### Data to examine
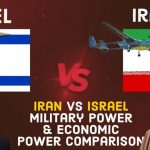 Israel Vs Iran Military Powe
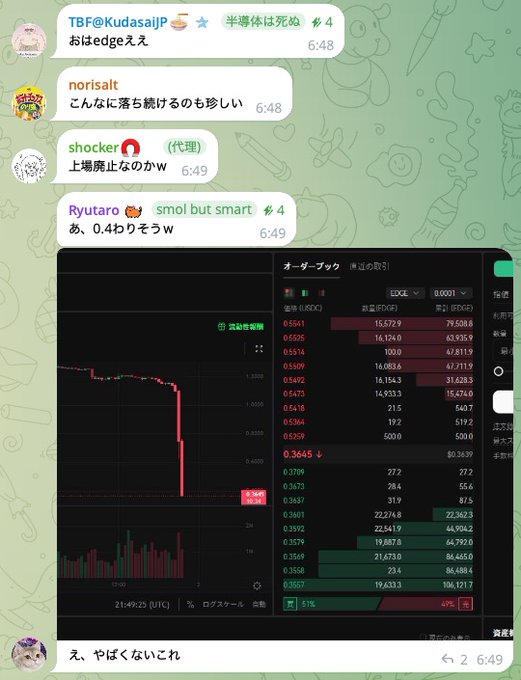 A screenshot of a chat between two people, showing the status of a stock market graph with red, green, and white bars representing price movements. The post has text written in both English and Japanese, and it mentions a user named KudasaiJp who sent an alert to another user about this specific stock's movement on the market.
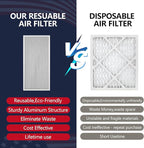 14x30x1 Electrostatic Air Filter, MERV 8 Reusable Aluminum AC/HVAC Furnace Filter, Lifetime Washable Permanent Air Filter, Easy to Clean, Increases Airflow(Actual Size:13.50x29.52x0.82)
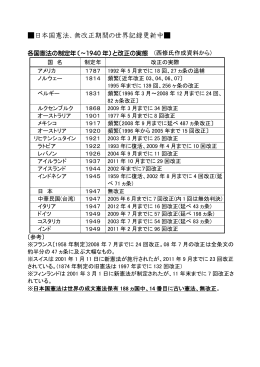 各国憲法の制定年〔～1940年〕と改正の実態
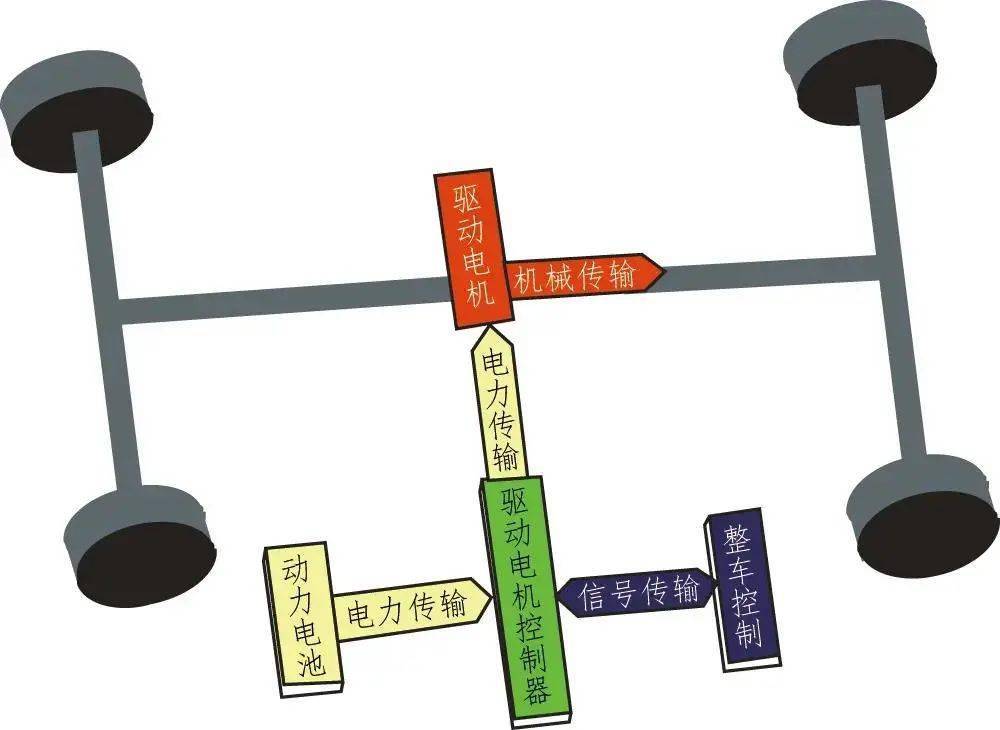 新能源汽车驱动电机结构与工作原理-芯城品牌采购网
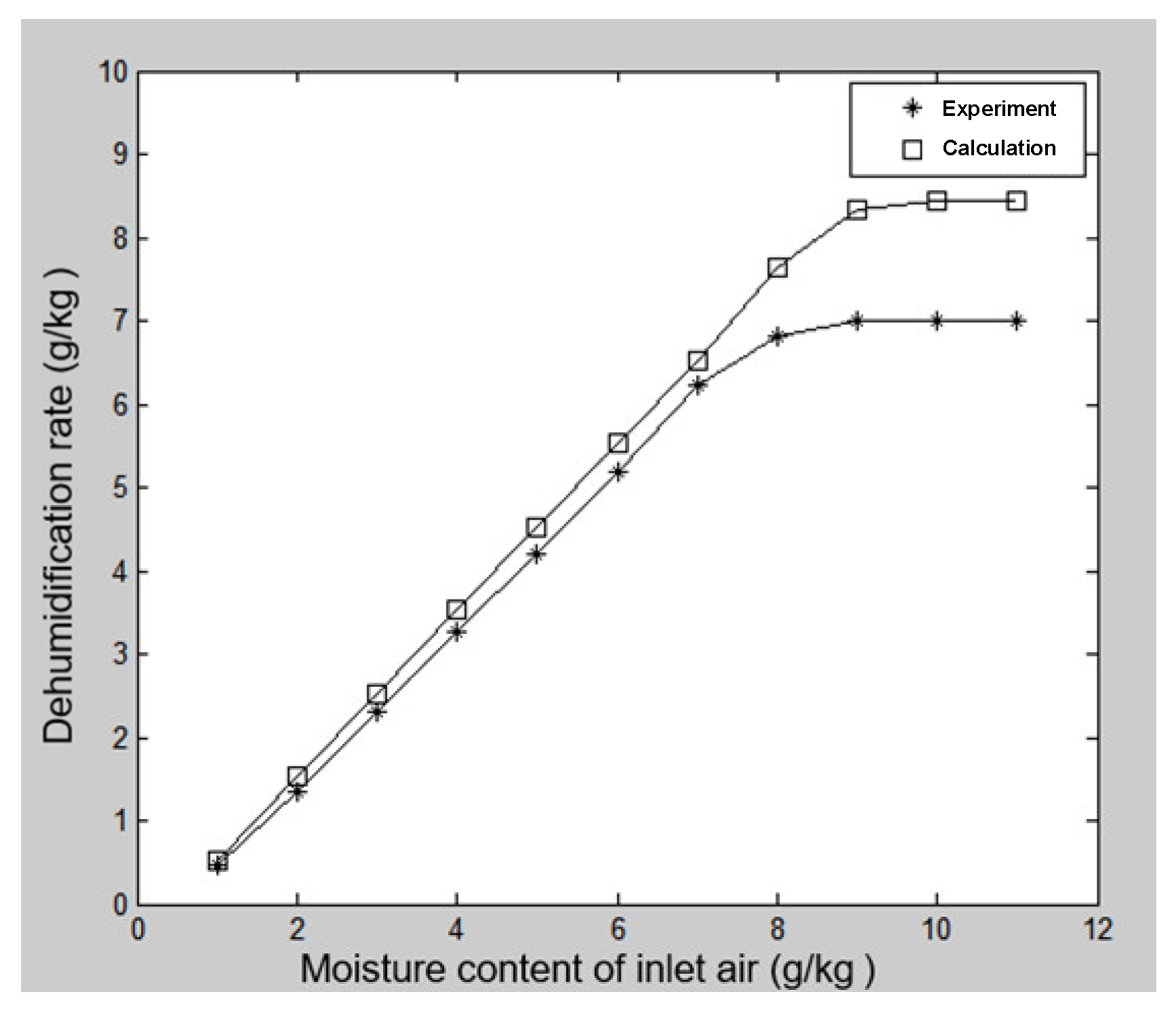 Processes 11 00555 g019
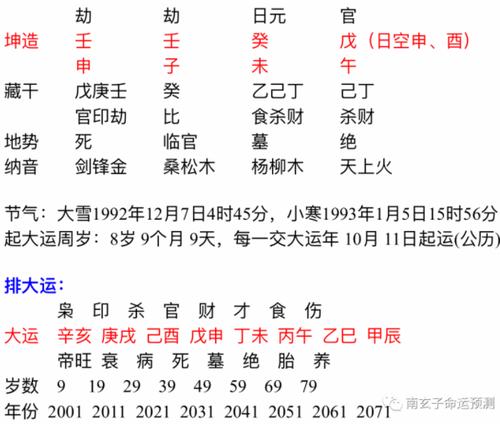 女命命中哪些八字会使婚姻不顺?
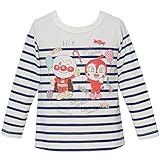 アンパンマンガール 長袖Tシャツ 天竺 ボーダーAライン Anpanman Girl fo-oa3593 90cm ネイビー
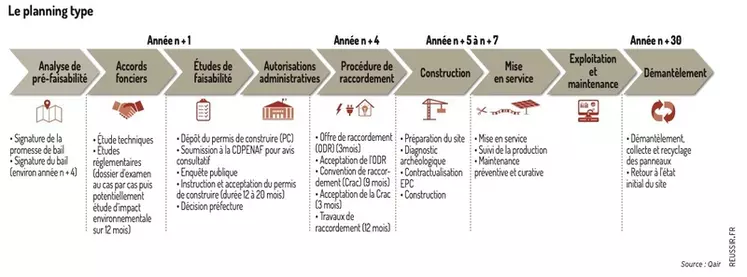 découvrez les étapes clés pour installer un système photovoltaïque chez vous. de l'évaluation de votre site à la mise en service, suivez notre guide détaillé pour optimiser votre production d'énergie solaire et réduire votre facture d'électricité.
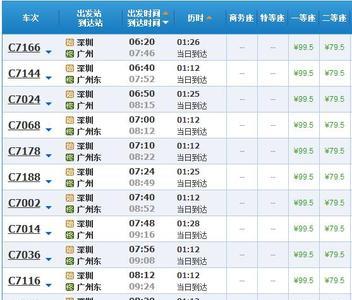 日照到广州高铁多少钱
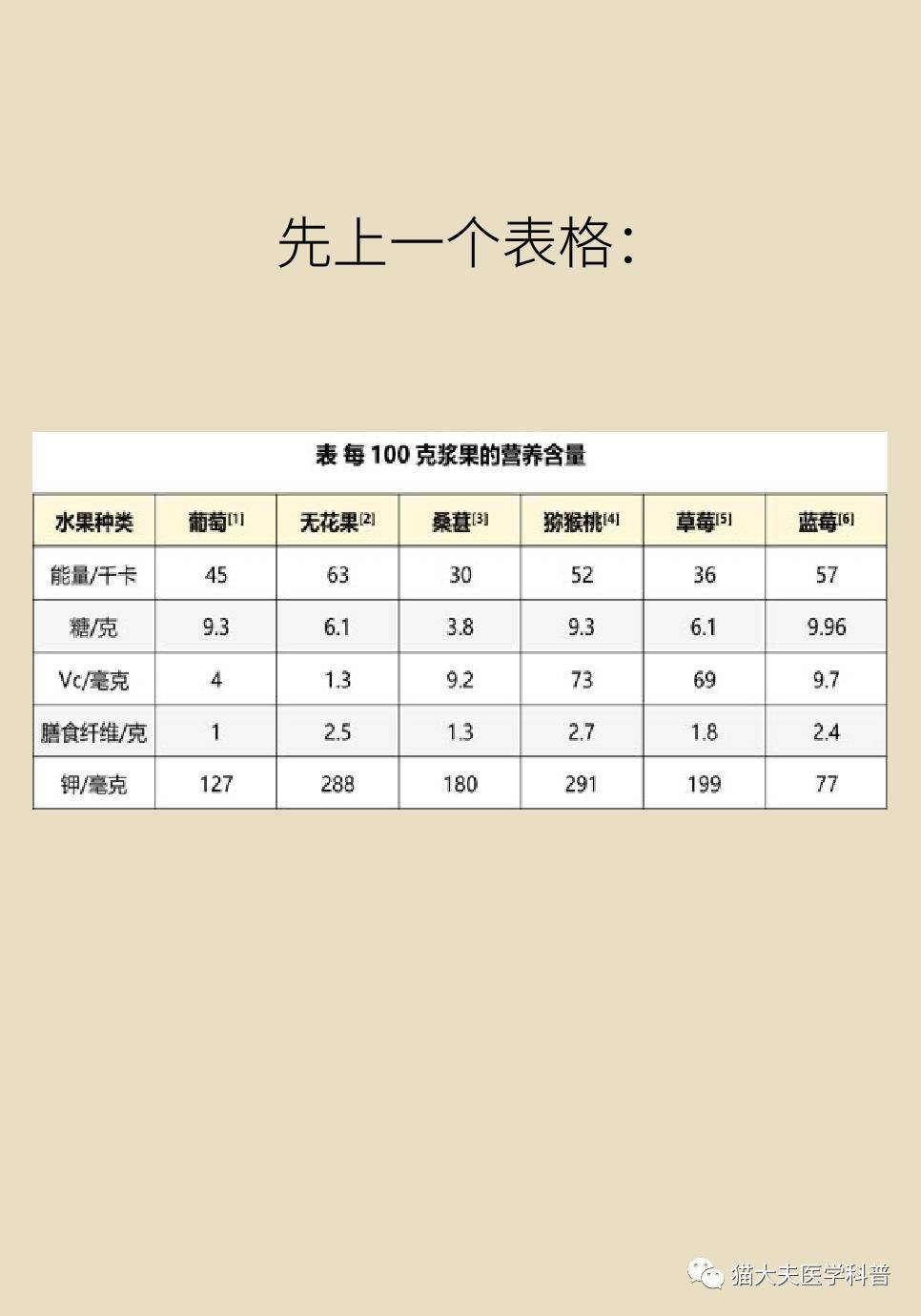 aspx|最常吃的6种浆果，哪个营养最好？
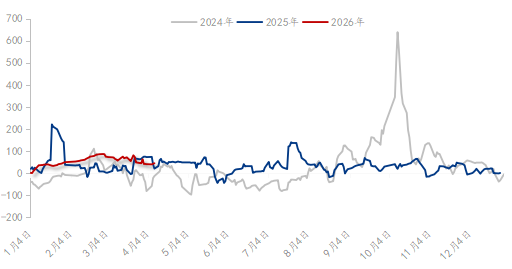 Mysteel：供需博弈下的韧性修复焊管市场行情偏乐观(图2)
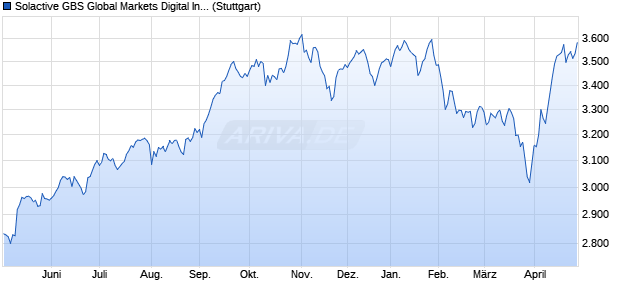 Solactive GBS Global Markets Digital Infrastructure All. Chart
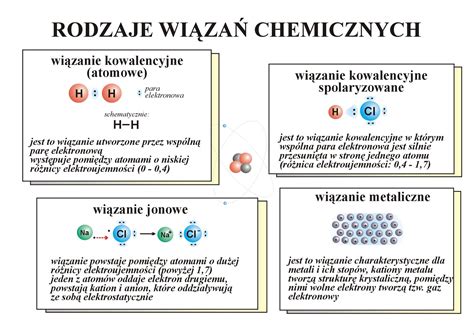 Rodzaje Wi Za Chemicznych Zintegrowana Platforma Edukacyjna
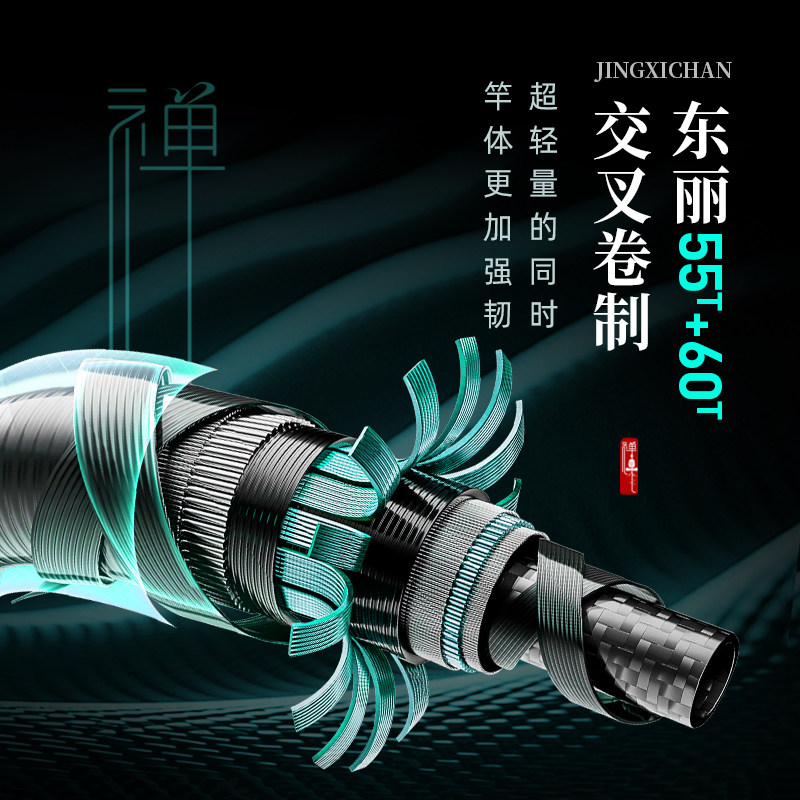 鱼栖林鲸栖禅传统钓炮杆超轻超硬13米长节长杆打窝竿大炮竿旗舰店,淘宝优惠券,粉丝福利购,淘宝优惠卷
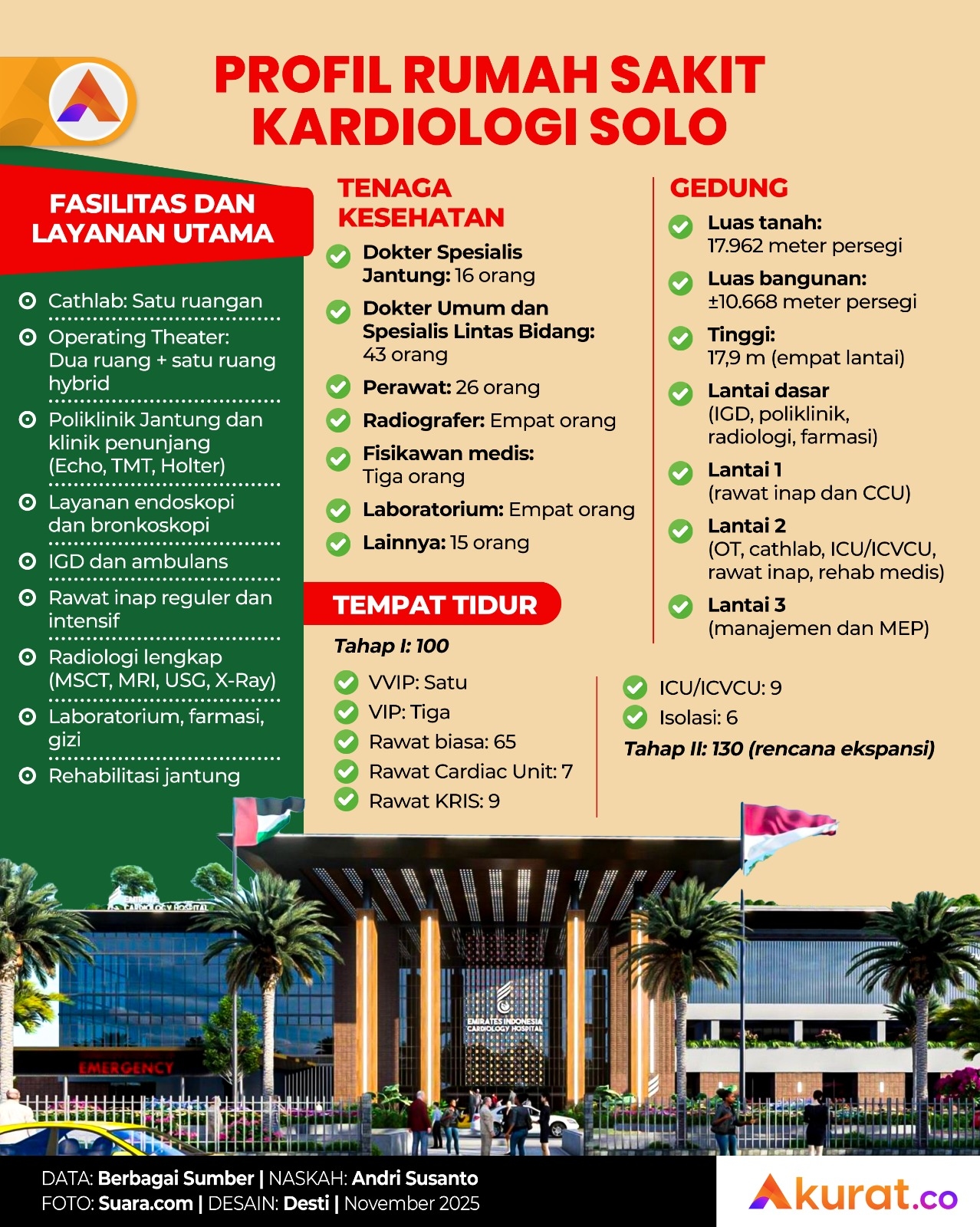 Profil RS Kardiologi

### Work item
Your task is to retype the lines running from the one that contains "Solactive GBS Global" through the end of the records, and nothing else. Pictures are not part of the copy.

### Response below
 Solactive GBS Global Markets Digital Infrastructure All. Chart
 Rodzaje Wi Za Chemicznych Zintegrowana Platforma Edukacyjna
 鱼栖林鲸栖禅传统钓炮杆超轻超硬13米长节长杆打窝竿大炮竿旗舰店,淘宝优惠券,粉丝福利购,淘宝优惠卷
 Profil RS Kardiologi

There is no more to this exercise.